I will appreciate any help, thank you!

lbendlin · ‎10-16-2024

This is not something that you do with Power BI (it is not designed to write back to the data source). You would use tools like Powershell or Power Automate.

View solution in original post

lbendlin · ‎10-16-2024

Please explain the reasoning for using incremental refresh. As you know SharePoint.Files is not folding, and even if it were, your subsequent transforms are breaking folding too. So you will not have any processing time advantage

"Date Modified" is not a usable column for Incremental Refresh. You need an immutable column like "Date Created", otherwise you will have data duplication across partitions.

For general guidance - incremental refresh partitions should have millions of rows to make sense.

Pojzon · ‎10-16-2024

We have folders with invoices on Sharepoint .pdf format since 2022. Invoices don't change, new are just being added each month - that's why I think Date modified would be fine.

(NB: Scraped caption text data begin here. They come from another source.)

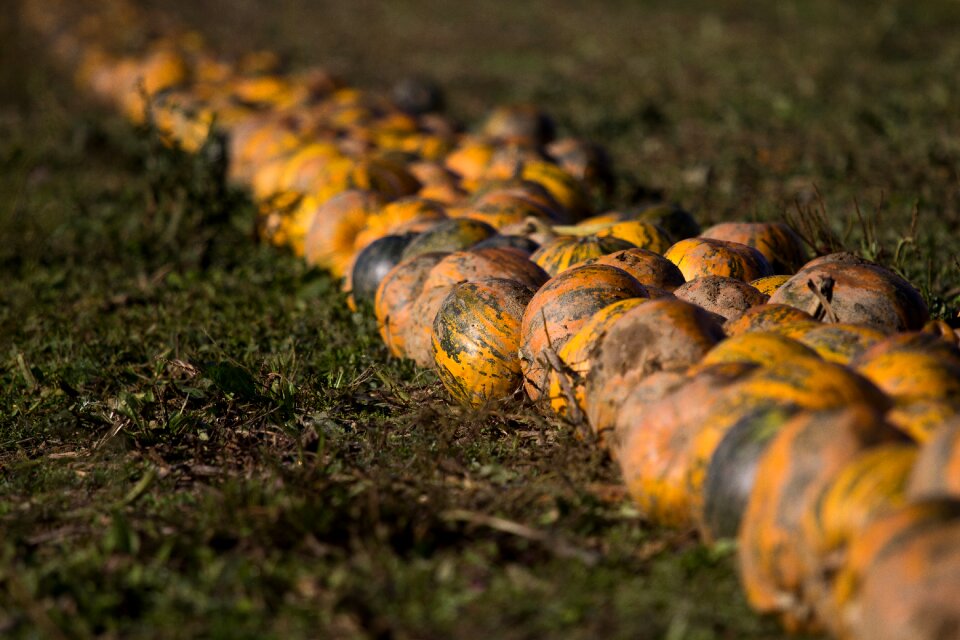 Food background pumpkin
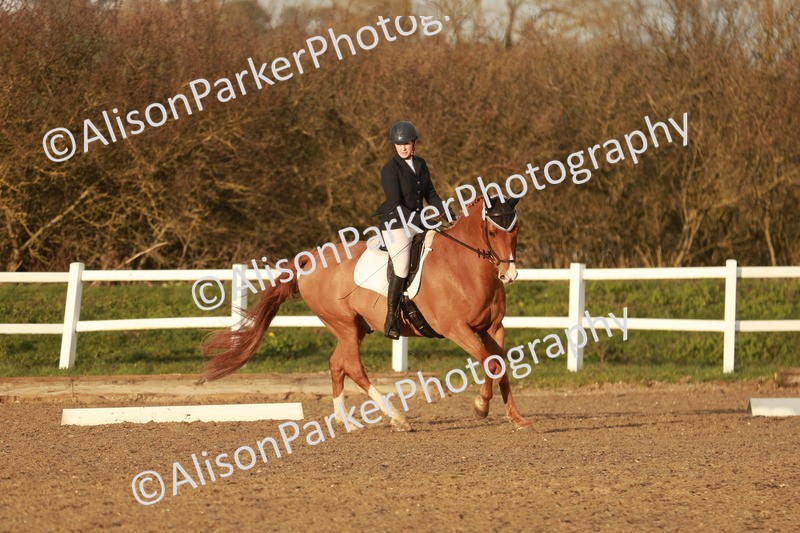 20260314-6481 - CT7 - Elementary 2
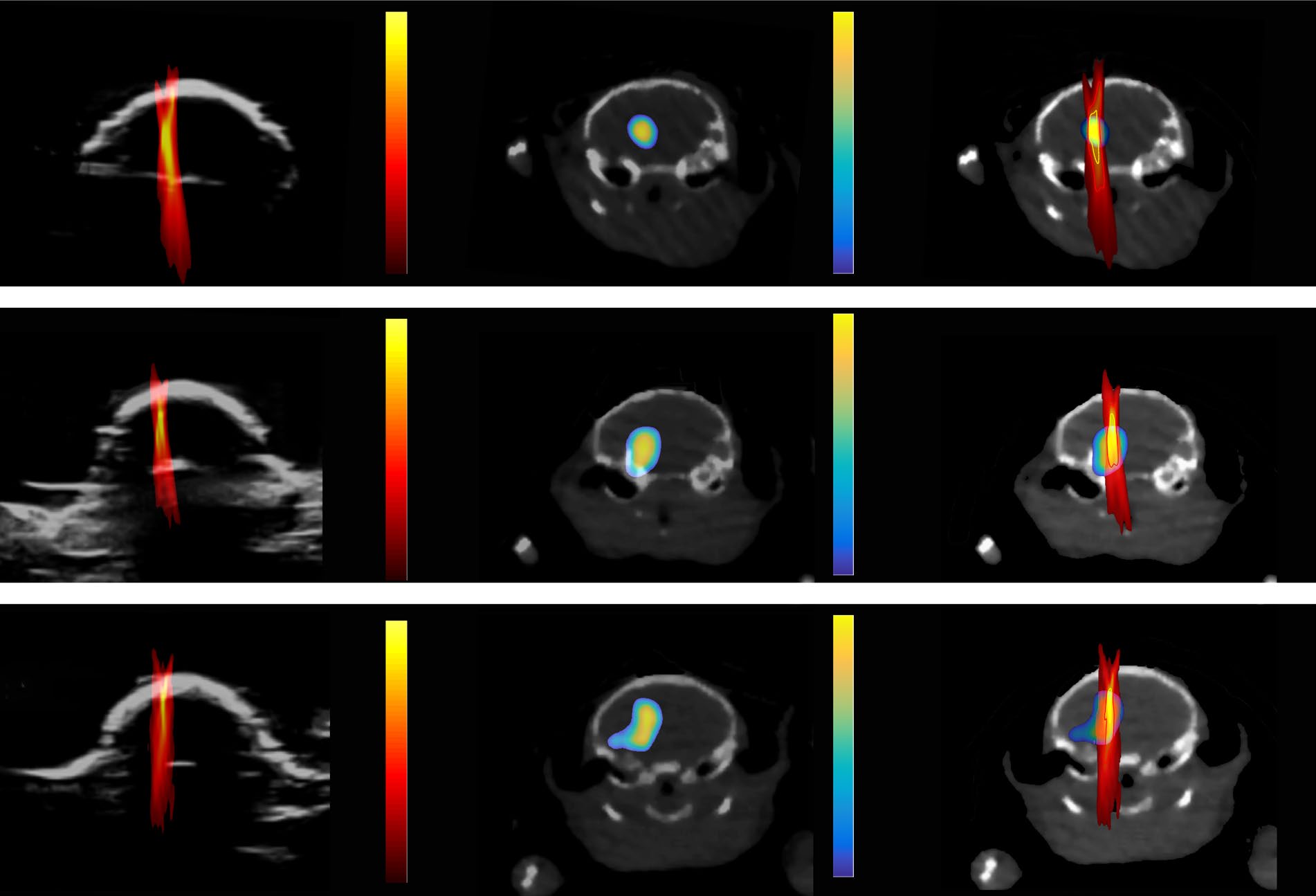 PCI images compared to PET/CT images showing location and dose of drug in a mouse brain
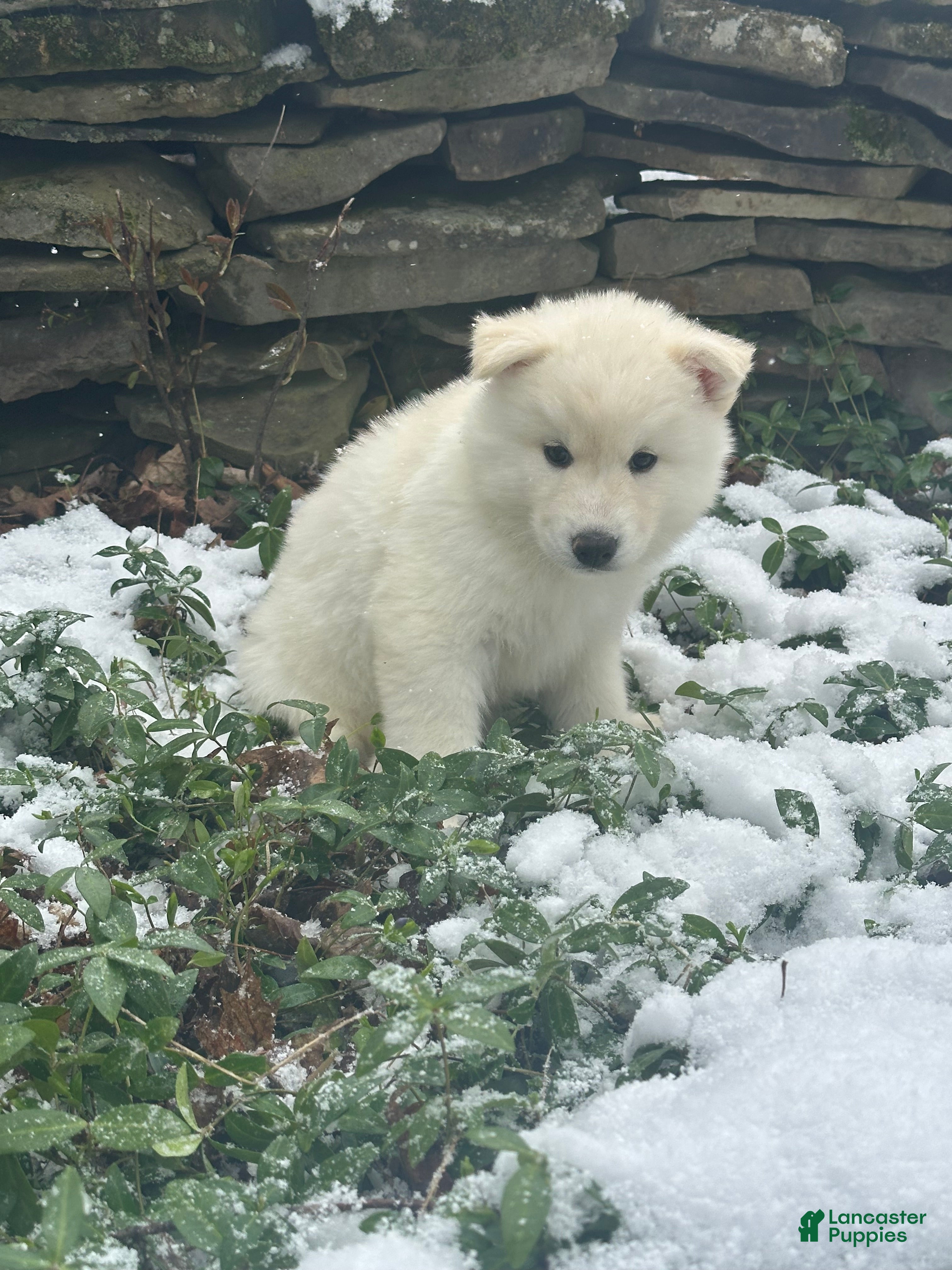 Siberian Husky dogs Toad - Ad 26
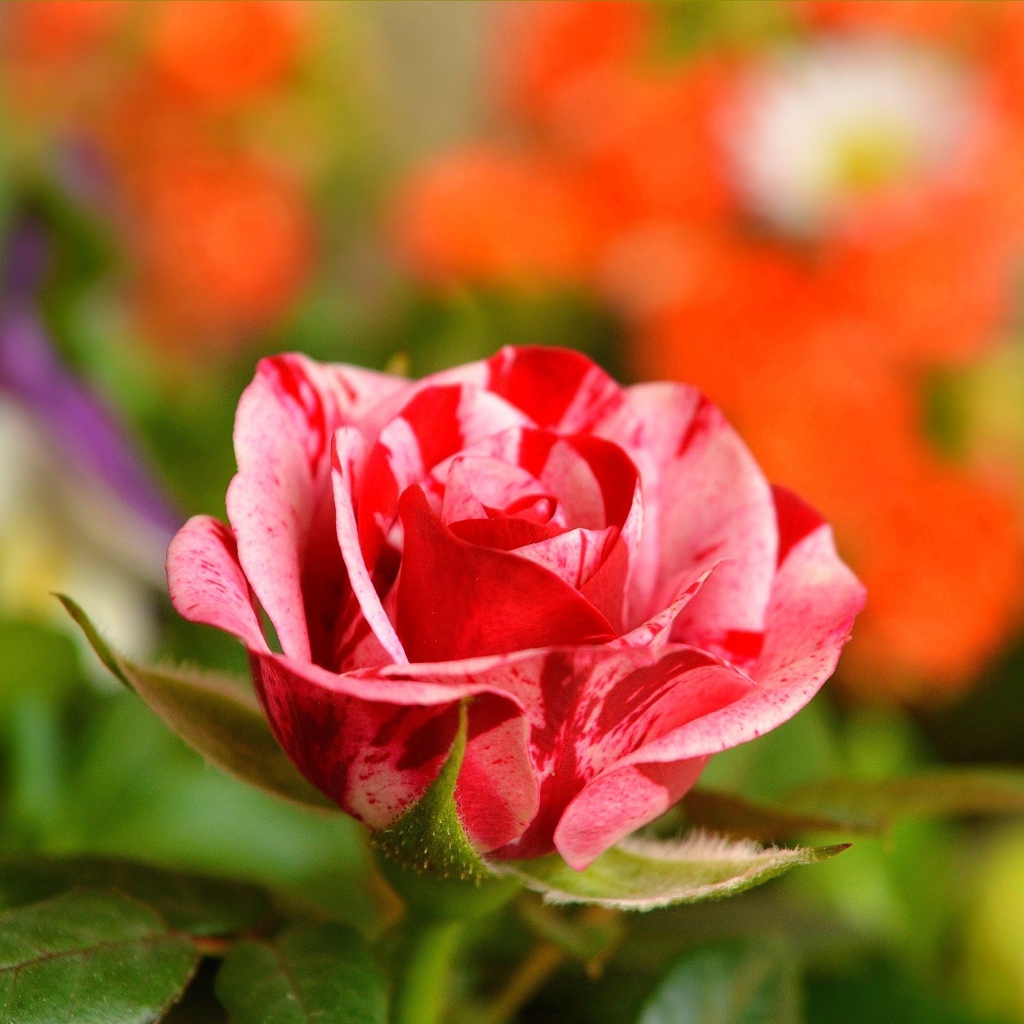 Необычная красивая роза крупным планом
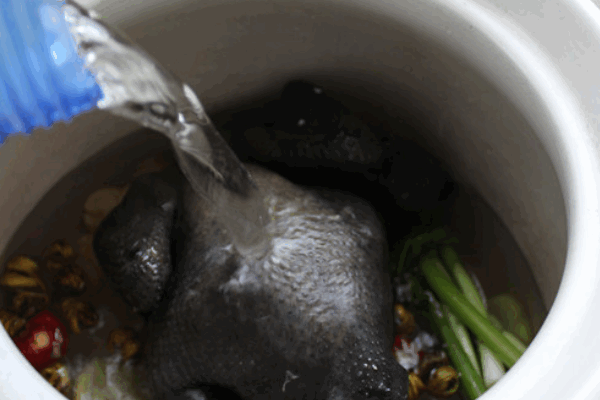 西洋参片如何食用？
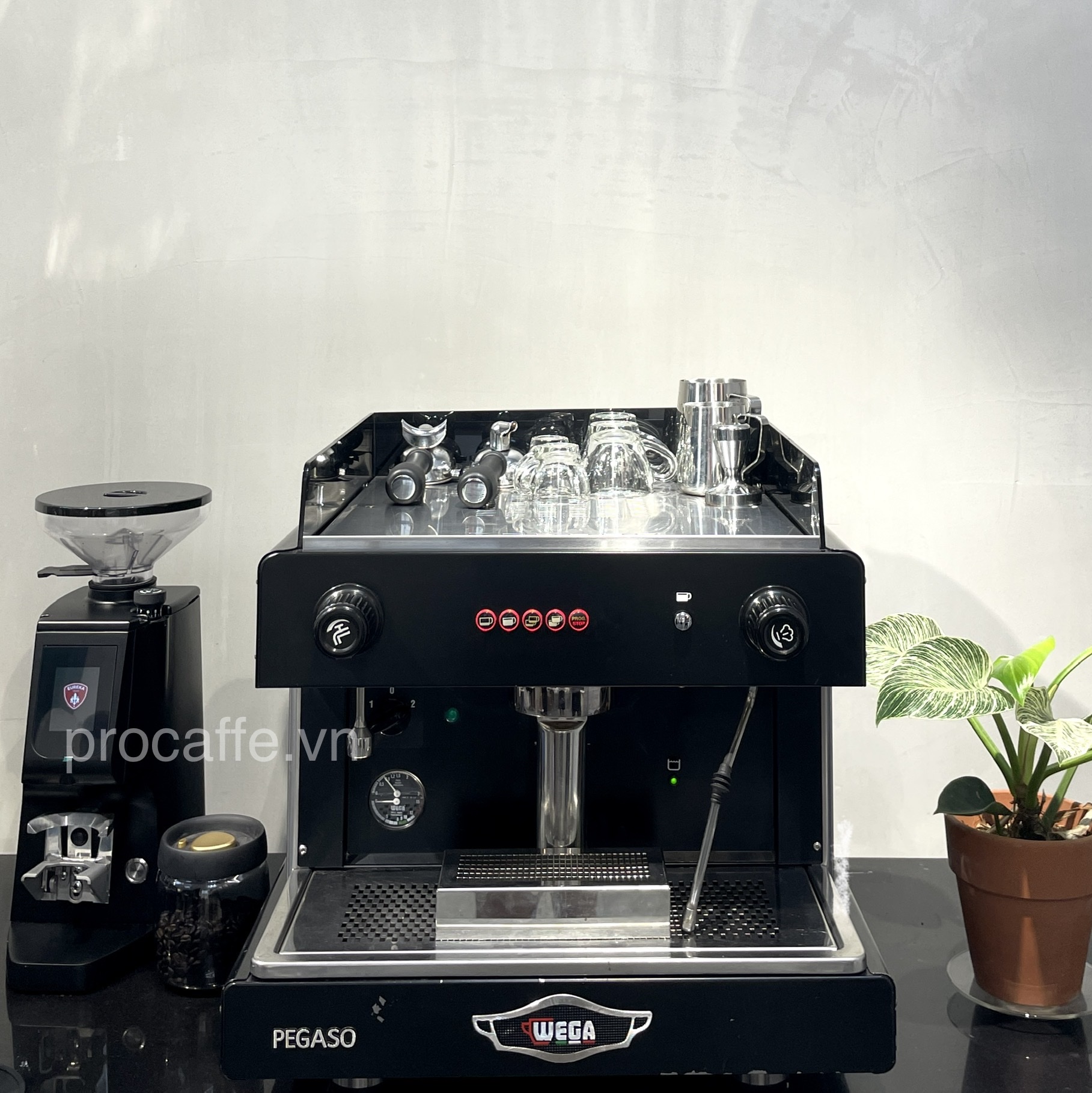 Máy pha cà phê chuyên nghiệp WEGA PEGASO - Hàng chính hãng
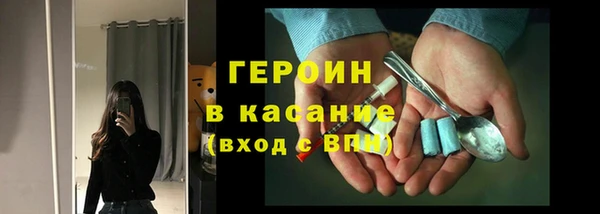 прущие грибы Гусев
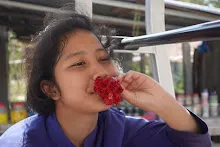 680202 สสธ.ม.3 ฝึกหัดเพาะชำต้นไม้แบบควบแน่น ไปสวนไวพลัง 367.JPG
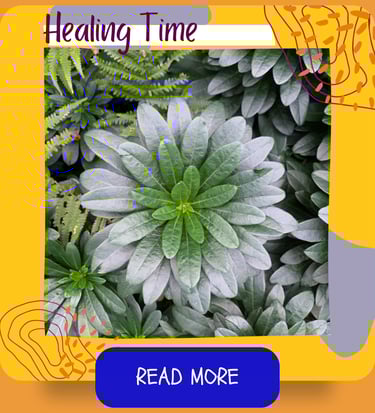 Holistic healing practices time. A nature mandala of a green plant.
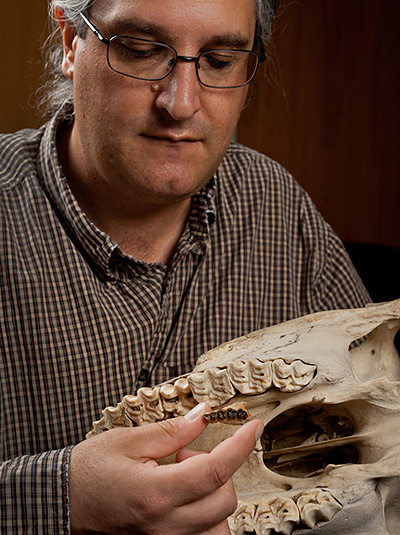 Jonathan Bloch compares the upper jaw of Sifrhippus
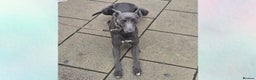 Whippet dogs for stud: Proven KC registered blue whippet for stud in Doncaster - Advert 5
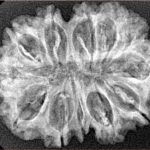 12 Mukhi Rudraksha 30.1mm 4.67gm - Xray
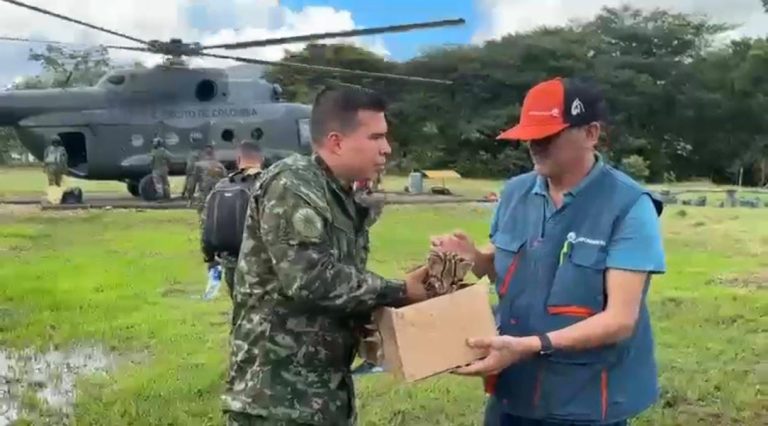 Rescatan tigrillo en Vichada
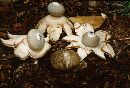 Geastrum smardae image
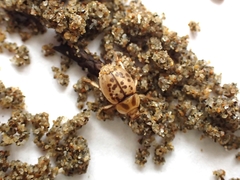 Chaerodes trachyscelides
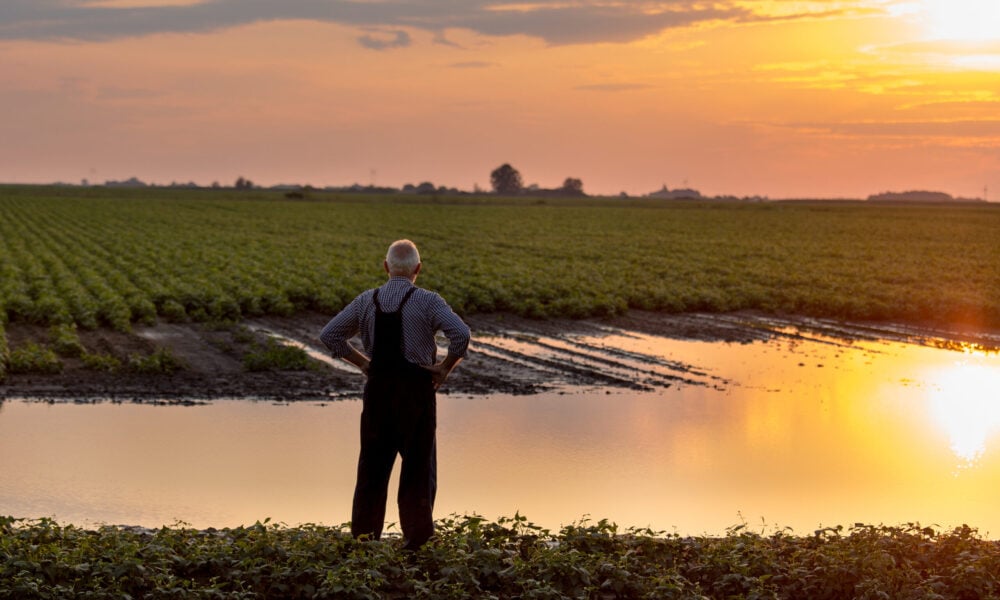 图为一位农民望向被淹的田地;太阳在背景中落下，光线被洪水反射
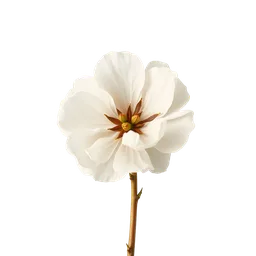 Perfumes with Cotton Flower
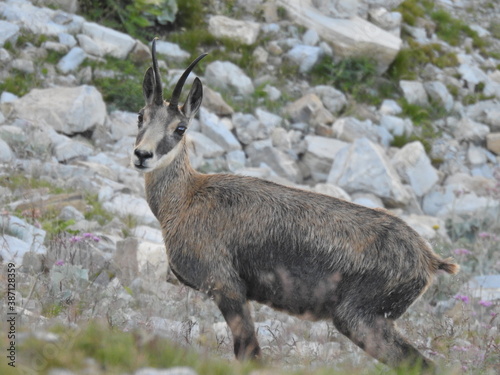 Chamois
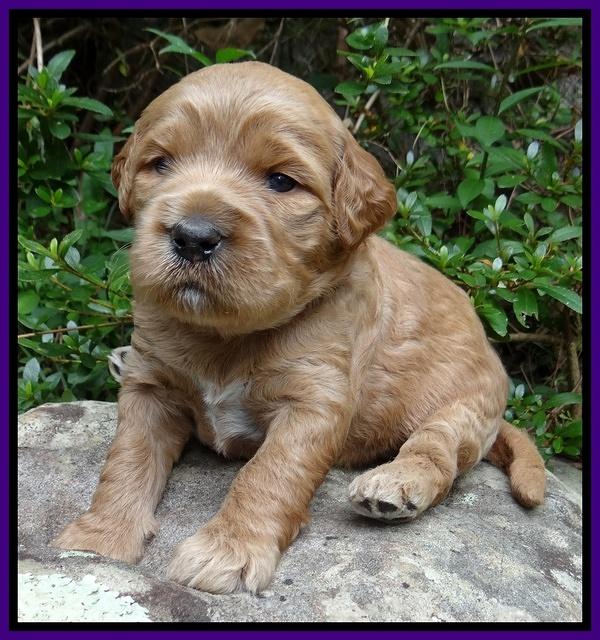 Dawn Ruler pups 3 wks old 91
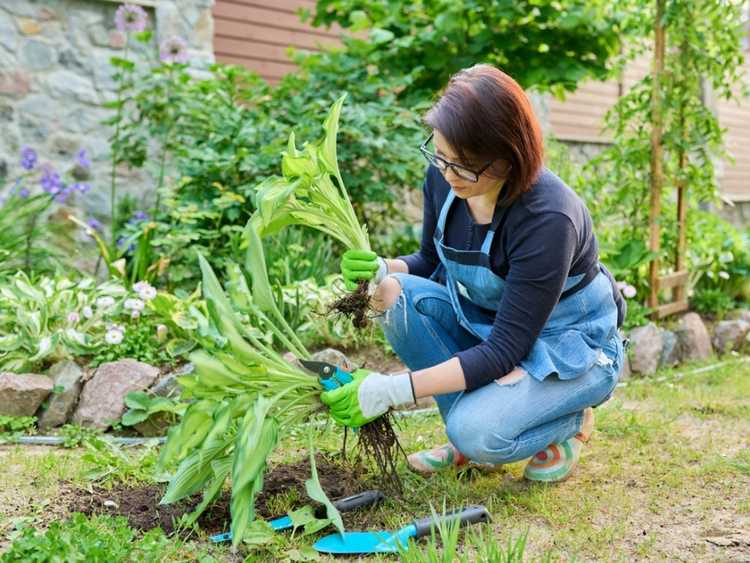 You are currently viewing Comment diviser les plantes vivaces au printemps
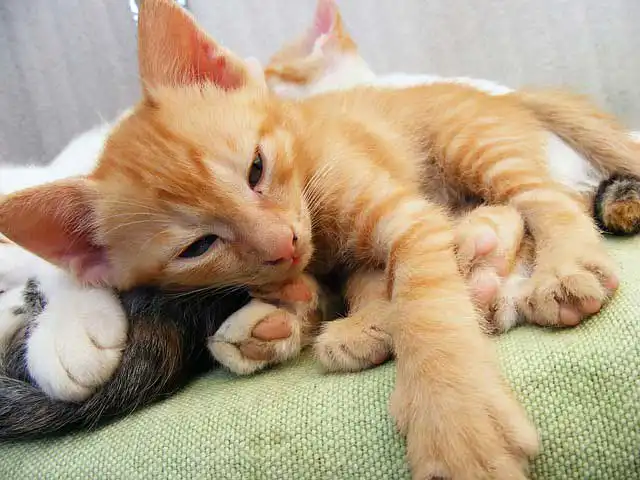 kitten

With each PBI refresh all data get's refreshed, which gets slower and slower, when in fact it should be only checking newest data, for example last 3 months.

I've watched this youtube guide https://youtu.be/IVMdg16yBKE which says that Incremental refresh can also be used with non-foldable sources.

I've also tried Dataflows which someone suggested in another topic, but honestly I hated it, I couldn't make it work either, it kept adding some automatic steps to my query that I couldn't remove.

lbendlin · ‎10-16-2024

With each PBI refresh all data get's refreshed, which gets slower and slower, when in fact it should be only checking newest data, for example last 3 months.

Only if it folds

which says that Incremental refresh can also be used with non-foldable sources.

That is correct - but you will not get the expected time savings. all you get is partition management.

Pojzon · ‎10-16-2024

In this case what would you suggest to do? Refreshing is starting to take around 12 min right now and it will grow more in time.

lbendlin · ‎10-16-2024

12 minutes is not something you want to waste your energy for to create all the incremental refresh processes. You should start getting concerned when the time is closer to 2.5 hrs.

Run an independent process that extracts the necessary meta data from your PDFs, store that as CSV or Parquet on the same sharepoint, and ingest that.

Pojzon · ‎10-16-2024

Thank you - could you please explain more about creating independent process to store .pdf data as CSV?

I would like to automate this process as much as possible, so when user uploads new .pdf file to SP - PowerBI will automatically do the rest.

I'm not sure if I understand correctly what you propose, but wouldn't that just mean that there will be two reports where I would've to refresh data - one for transfering .pdfs to CSV, second for pulling data from CSV? Isn't that a little counterproductive? How would I save time here when second report would take ~12 min to refresh and then additionally I have to refresh first report as well?

I'm sorry if those are dumb questions, I'm not that experienced.

lbendlin · ‎10-16-2024

This is not something that you do with Power BI (it is not designed to write back to the data source). You would use tools like Powershell or Power Automate.